> PROVIDED ENTRIES:

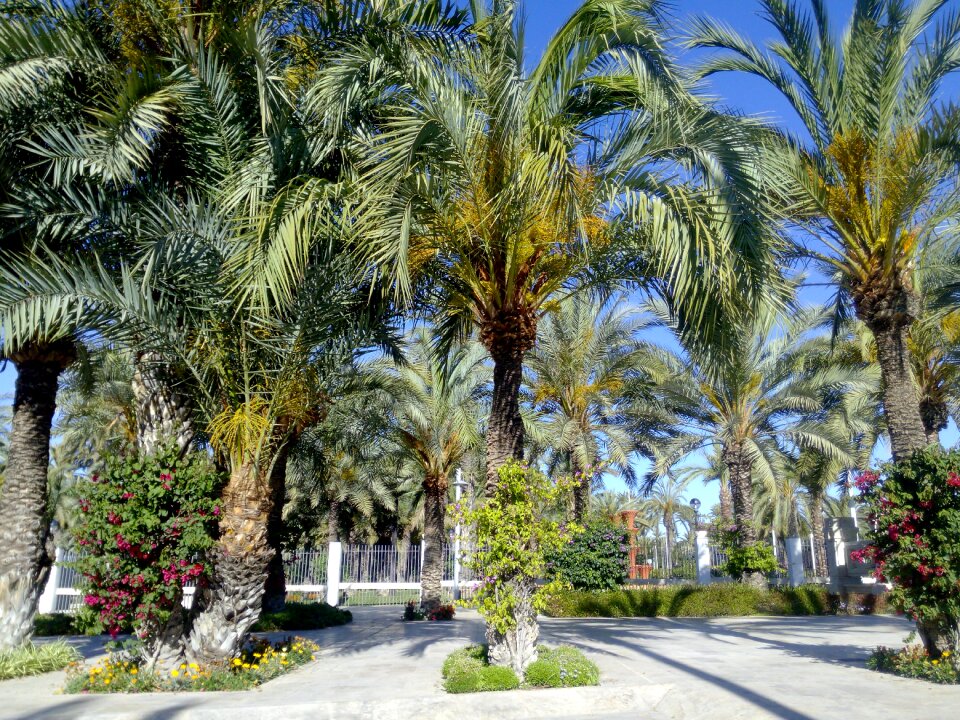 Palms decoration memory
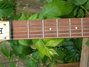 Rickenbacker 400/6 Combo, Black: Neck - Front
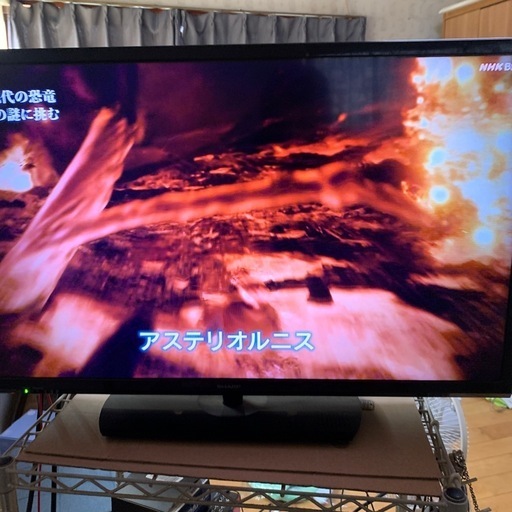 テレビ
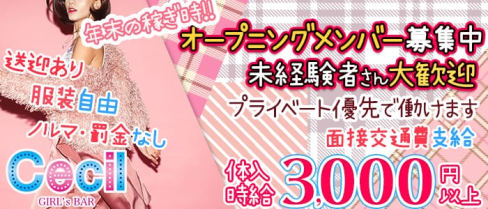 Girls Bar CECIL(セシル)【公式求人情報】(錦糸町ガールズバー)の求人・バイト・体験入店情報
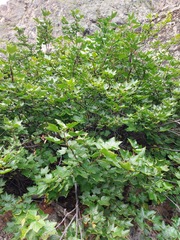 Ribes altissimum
* * *
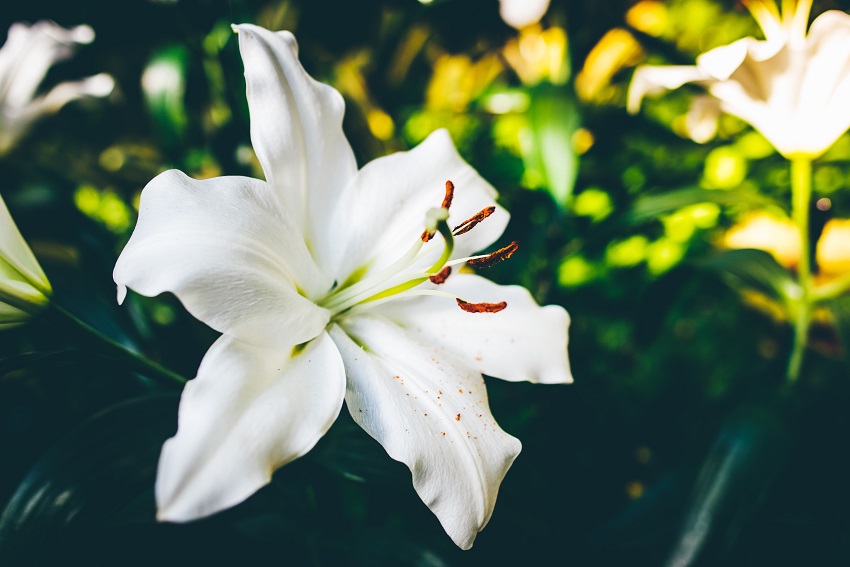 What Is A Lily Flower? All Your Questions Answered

> TASK DETAILS: Look above for the line with "Palms decoration memory" and the line with "Ribes altissimum". Give again exactly those two lines and all lines between them, pictures excluded.

> COMPLETED EXERCISE:
 Palms decoration memory
 Rickenbacker 400/6 Combo, Black: Neck - Front
 テレビ
 Girls Bar CECIL(セシル)【公式求人情報】(錦糸町ガールズバー)の求人・バイト・体験入店情報
 Ribes altissimum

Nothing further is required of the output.